Starszy sierżant Przemysław Wojtowicz zasiądzie na trybunach US Airways Center już w sobotę, 10 marca w czasie meczu Phoenix Suns z Memphis Grizzlies.

St. sierż. Wojtowicz jest strzelcem wyborowym, żołnierzem od roku 1996, a swoją służbę pełni w 1. Brygadzie Pancernej w Wesołej, gdzie jest dowódcą plutonu. Kilka razu uczestniczył w misjach zagranicznych Wojska Polskiego, w Iraku i w Afganistanie.

Reklama

Zaproszenie na mecz NBA to kontynuacja współpracy pomiędzy Marcinem Gortatem i wojskiem. W 2011 roku 4. edycja Gortat Camp rozpoczęła się w 1 Pułku Specjalnym w Lublińcu, gdzie koszykarz spotkał się i trenował z ponad setką dzieci żołnierzy tego pułku, którzy w tym czasie przebywali na misjach zagranicznych. Tegoroczna, 5. edycja Gortat Camp również rozpocznie się w jednej z jednostek Wojska Polskiego.

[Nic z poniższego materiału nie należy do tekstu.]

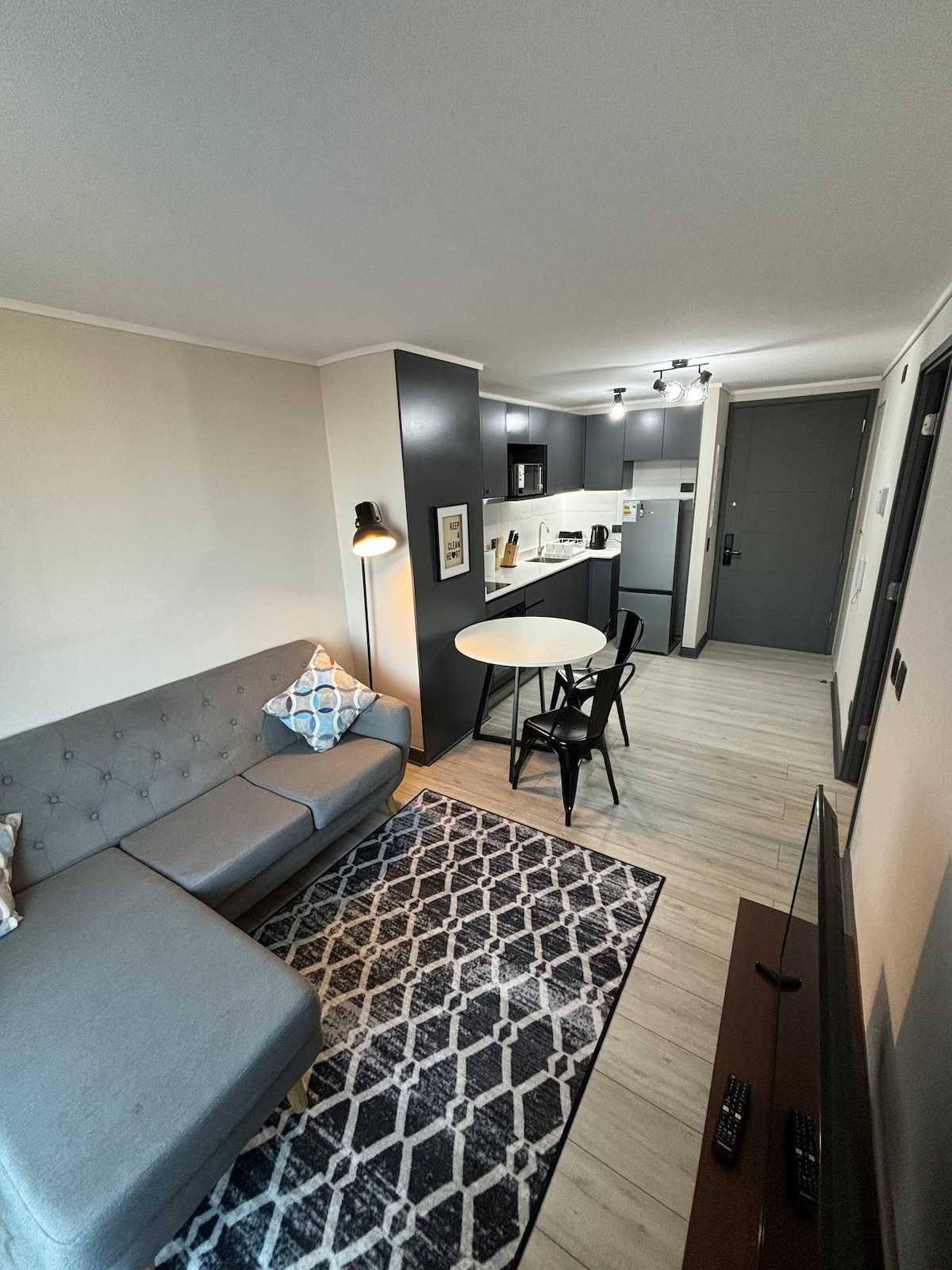A modern living space is depicted, featuring a cozy gray sectional sofa adorned with a decorative pillow. A round dining table with black chairs occupies the center, complemented by a patterned area rug. An open-concept kitchen with modern appliances is visible in the background.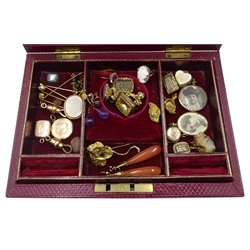Early 20th century tooled leather jewellery box, velvet and silk lined containing Victorian and later 9ct and 15ct gold jewellery, stone set pinchbeck seal fobs, mourning brooches, stick pins, lockets and earrings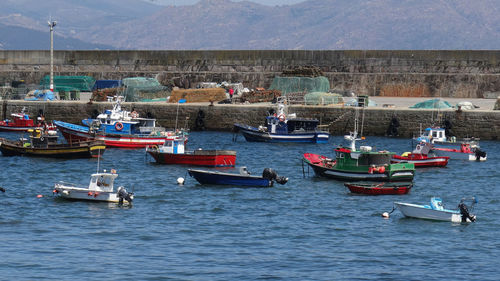 Boats moored in sea against sky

Wizyta st. sierż. Przemysława Wójtowicza to część polskiego wieczoru z NBA tzw. Polish Heritage Night.

Starszy sierżant Przemysław Wojtowicz o sobie:

Reklama

Do służby wojskowej wstąpiłem w roku 1996. Od 2001 roku zajmuję się szkoleniem strzelców wyborowych. Na początku szkoliłem żołnierzy zasadniczej służby, lecz po powstaniu sekcji strzelców wyborowych organizowałem i prowadziłem ich szkolenie. Strzelectwa precyzyjnego nauczyłem się sam i jest to moja pasja. Snajperstwo praktykowałem ze strzelcami wyborowymi Policji, BOA, GROM jak również ze snajperami z Kanady i USA. Moim sukcesem jest to, że podczas swojej skromnej wojskowej kariery wyszkoliłem około dwustu strzelców wyborowych. Zdobyłem Mistrzostwo Polski w strzelaniu precyzyjnym na dystansie 300 i 450 metrów. Podczas zawodów ogólnopolskich w Kategorii "Snajper - zimny strzał 600m" zająłem trzecie miejsce. W 2009 ukończyłem kanadyjski kurs snajperów, jak również kanadyjski kurs dowódców sekcji snajperskich SDCC 0901.W 2010 roku byłem w czołówce strzelców w europejskiej federacji F-Class. W 2010 roku dowodziłem sekcją strzelców wyborowych w Afganistanie (VII zmiana PKW). Podczas walk z rebeliantami w prowincji Ajiristan zostałem ranny. Doznałem uszczerbku na zdrowiu z powodu wielu ran postrzałowych prawej nogi i 50 procentowej utraty słuchu. To wpłynęło na moją dalszą wojskową karierę strzelecką. Lecz nie zrezygnowałem z mojej pasji. Kiedy doszedłem do zdrowia ponownie zacząłem strzelać, choć tym razem w cywilnym klubie. Do swoich sukcesów zaliczam to, że każdy z moich żołnierzy wrócił żywy do domu, choć na ośmiu snajperów sześciu było lekko rannych. Obecnie działam czynnie na rzecz rannych i rodzin poległych żołnierzy. Jestem pomocnikiem dowódcy 1BPanc w Wesołej do spraw rannych w misjach poza granicami kraju. Jestem również członkiem Stowarzyszenia Rannych i Poszkodowanych w Misjach Poza Granicami Kraju. Mam żonę i malutką córeczkę.